Problem to work on >> Any pictures in the records below should be skipped; write out everything else exactly.

+++ Information provided +++

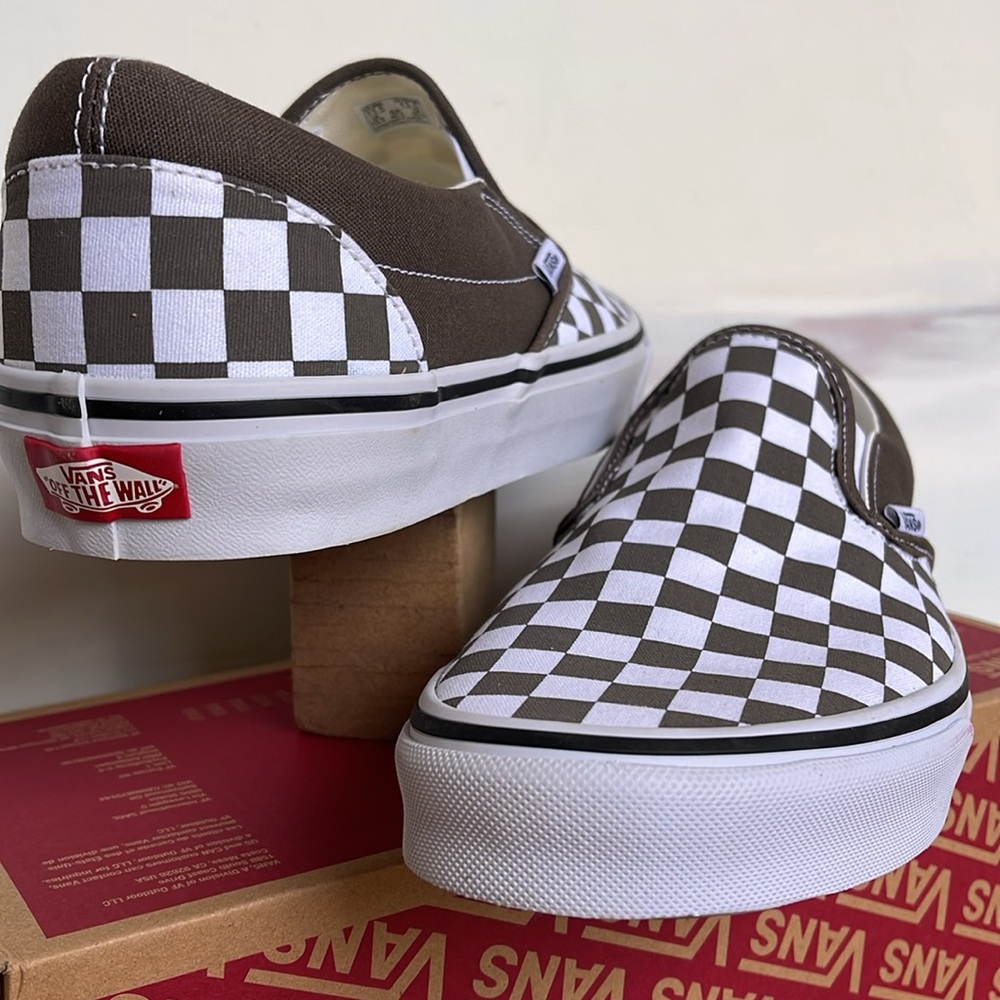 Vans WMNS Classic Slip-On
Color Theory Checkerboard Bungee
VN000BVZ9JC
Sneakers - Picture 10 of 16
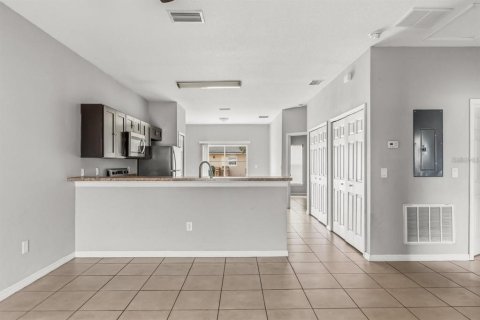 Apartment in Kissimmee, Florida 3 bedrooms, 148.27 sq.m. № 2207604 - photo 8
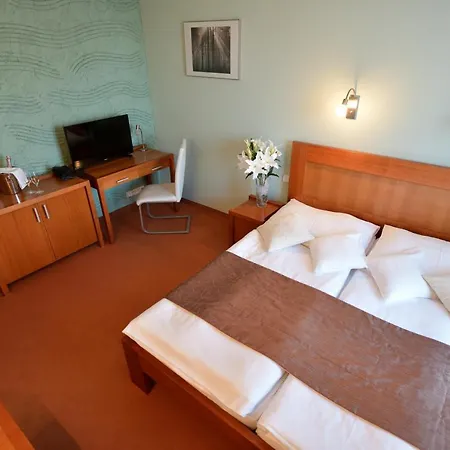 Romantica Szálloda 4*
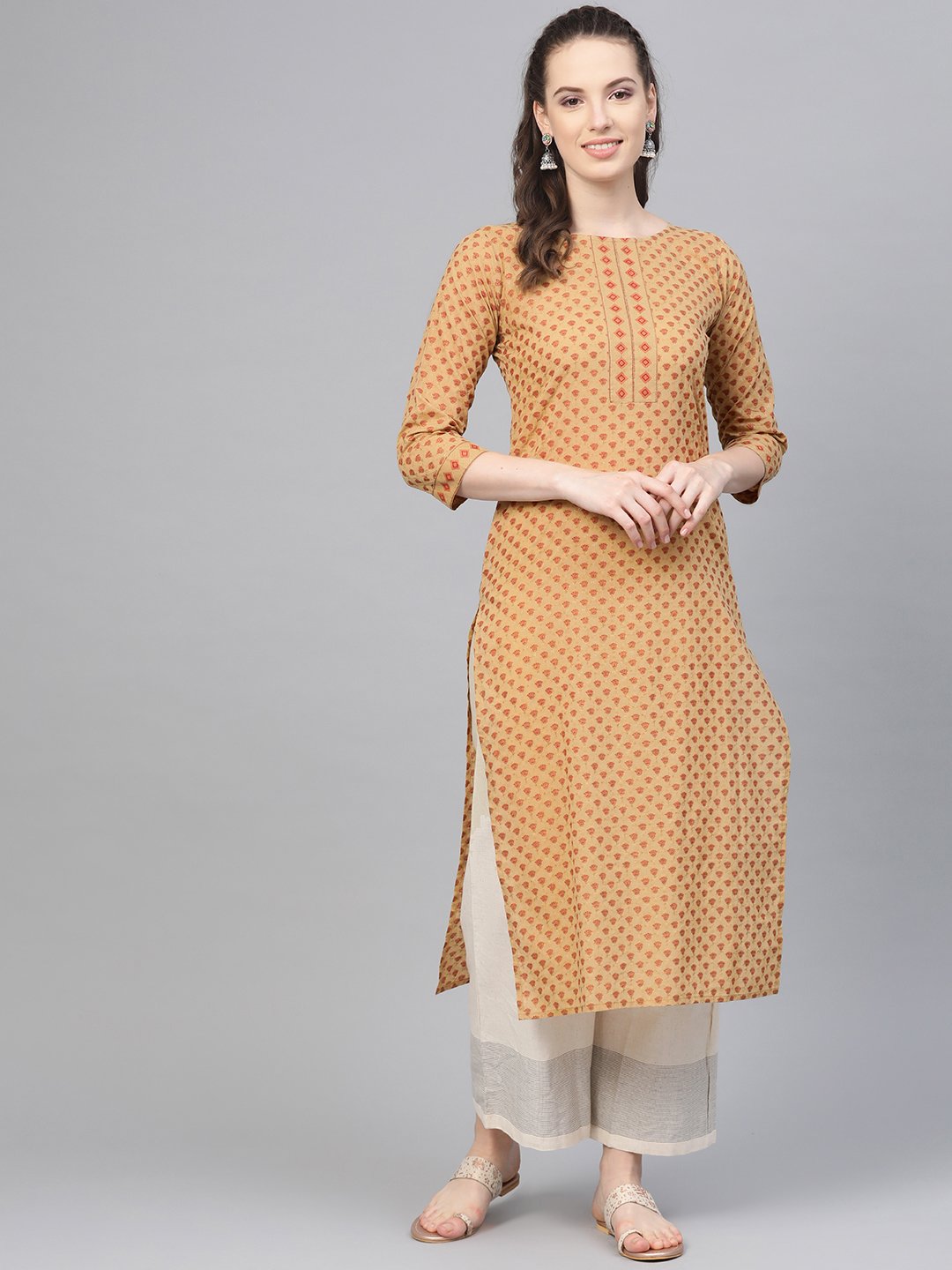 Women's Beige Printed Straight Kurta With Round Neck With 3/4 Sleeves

+++

Exercise solution >>
 Vans WMNS Classic Slip-On
Color Theory Checkerboard Bungee
VN000BVZ9JC
Sneakers - Picture 10 of 16
 Apartment in Kissimmee, Florida 3 bedrooms, 148.27 sq.m. № 2207604 - photo 8
 Romantica Szálloda 4*
 Women's Beige Printed Straight Kurta With Round Neck With 3/4 Sleeves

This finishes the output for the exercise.